The Breaker Upperers | 2018 SXSW Film Festival Review
Conscious Coupling: Modern Day “Womance” via Kiwi Duo
Yes, there is an extra syllable in the Breaker Upperers, a title imbued with the fumblings of contemporary New Zealand comedy. Though it would be unfair to call Madeleine Sami and Jackie van Beek the female version of The Flight of the Concords—they exude a distinct pizazz that reverberates throughout this winning buddy comedy. Just as I Love You Man flipped the rom-com formula with platonic male leads, so does The Breaker Upperers employ familiar tropes in creating a will-they-won’t-they ‘Wo’-mance, whose wild premise is grounded in relatable relationship tensions. Comparisons to Broad City or even Sandra Bullock and Melissa McCarthy seem apt.

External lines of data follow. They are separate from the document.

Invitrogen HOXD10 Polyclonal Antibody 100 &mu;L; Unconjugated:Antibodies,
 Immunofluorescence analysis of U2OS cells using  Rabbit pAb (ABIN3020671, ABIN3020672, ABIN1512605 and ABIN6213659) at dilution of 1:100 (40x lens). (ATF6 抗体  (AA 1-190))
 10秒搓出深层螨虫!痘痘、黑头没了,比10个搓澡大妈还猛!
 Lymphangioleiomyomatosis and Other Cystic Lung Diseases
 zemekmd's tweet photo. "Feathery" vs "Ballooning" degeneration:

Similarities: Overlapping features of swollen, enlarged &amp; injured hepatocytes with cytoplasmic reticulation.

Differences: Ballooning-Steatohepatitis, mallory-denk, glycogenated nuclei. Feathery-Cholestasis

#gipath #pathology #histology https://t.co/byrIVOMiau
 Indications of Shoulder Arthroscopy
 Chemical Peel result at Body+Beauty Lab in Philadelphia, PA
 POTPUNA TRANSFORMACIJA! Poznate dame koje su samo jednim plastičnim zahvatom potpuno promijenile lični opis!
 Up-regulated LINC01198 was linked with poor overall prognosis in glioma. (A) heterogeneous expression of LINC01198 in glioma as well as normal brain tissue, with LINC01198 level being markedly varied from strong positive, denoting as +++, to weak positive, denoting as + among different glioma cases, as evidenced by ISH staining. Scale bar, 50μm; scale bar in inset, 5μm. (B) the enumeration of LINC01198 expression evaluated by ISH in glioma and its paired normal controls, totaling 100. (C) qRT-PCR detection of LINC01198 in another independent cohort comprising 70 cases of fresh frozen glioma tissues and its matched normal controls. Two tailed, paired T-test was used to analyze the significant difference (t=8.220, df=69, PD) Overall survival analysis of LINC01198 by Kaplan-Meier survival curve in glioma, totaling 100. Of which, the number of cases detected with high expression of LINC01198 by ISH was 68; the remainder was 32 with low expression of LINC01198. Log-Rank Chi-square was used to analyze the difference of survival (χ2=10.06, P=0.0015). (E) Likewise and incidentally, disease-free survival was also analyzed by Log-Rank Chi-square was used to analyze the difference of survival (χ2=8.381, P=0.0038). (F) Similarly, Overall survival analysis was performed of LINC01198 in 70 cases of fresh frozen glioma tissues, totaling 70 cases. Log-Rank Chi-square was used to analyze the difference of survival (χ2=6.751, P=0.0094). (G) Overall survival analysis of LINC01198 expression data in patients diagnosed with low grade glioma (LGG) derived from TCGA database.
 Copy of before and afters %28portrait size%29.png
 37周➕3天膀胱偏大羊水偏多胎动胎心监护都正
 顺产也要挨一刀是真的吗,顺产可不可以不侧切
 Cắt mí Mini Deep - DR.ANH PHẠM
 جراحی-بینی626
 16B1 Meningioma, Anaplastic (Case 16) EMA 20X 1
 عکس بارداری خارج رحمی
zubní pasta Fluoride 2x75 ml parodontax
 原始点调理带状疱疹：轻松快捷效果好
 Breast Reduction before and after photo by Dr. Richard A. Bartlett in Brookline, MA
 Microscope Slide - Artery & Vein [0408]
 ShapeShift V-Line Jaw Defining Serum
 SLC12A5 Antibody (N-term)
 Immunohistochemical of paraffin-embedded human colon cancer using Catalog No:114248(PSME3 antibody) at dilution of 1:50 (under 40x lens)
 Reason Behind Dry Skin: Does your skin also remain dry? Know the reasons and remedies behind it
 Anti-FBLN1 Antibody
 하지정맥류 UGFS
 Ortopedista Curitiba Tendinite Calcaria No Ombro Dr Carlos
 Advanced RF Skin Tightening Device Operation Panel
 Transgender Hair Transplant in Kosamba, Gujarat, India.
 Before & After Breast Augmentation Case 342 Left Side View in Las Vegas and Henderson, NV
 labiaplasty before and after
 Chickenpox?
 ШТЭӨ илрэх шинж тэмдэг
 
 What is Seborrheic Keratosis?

Melanie (Sami) and Jen (van Beek) are entrepreneurs who run a business that helps you break up with your significant other. When coming up with the idea, Van Beek wanted to take an event that is typically sad and make it funny by outsourcing it. A montage of these various missions proves that, yes, in fact it can be very humorous, so long as you’re not the one getting dumped. But Mel and Jen have problems of their own. In the film’s best scene, Jen’s wealthy parents encourage her to have a child before it’s too late, recommending in-vitro fertilization with her own brother’s sperm. “Ew no, that’s incest,” she declares, when her mother responds, “not if we put it in Mel.” Depicting Jen and Mel as a couple is a recurring joke in the film, and they’re relationship is tested when a young rugby player (James Rollston) and new client takes a liking to ‘Melon’—his cute nickname for Melanie.
There’s a fun sequence where Jen imagines herself in a corny Karaoke video. The filmmakers expertly utilize this daydream to reveal crucial backstory. Various supporting characters are given time to shine, such as a depressed woman on the wrong end of a breakup, and a shy intern who has trouble remembering her lines. These stuttering side characters add color to the New Zealand backdrop. One of the film’s strengths is the large pool of local collaborators that Sami and van Beek pull from, including producer Taika Waititi.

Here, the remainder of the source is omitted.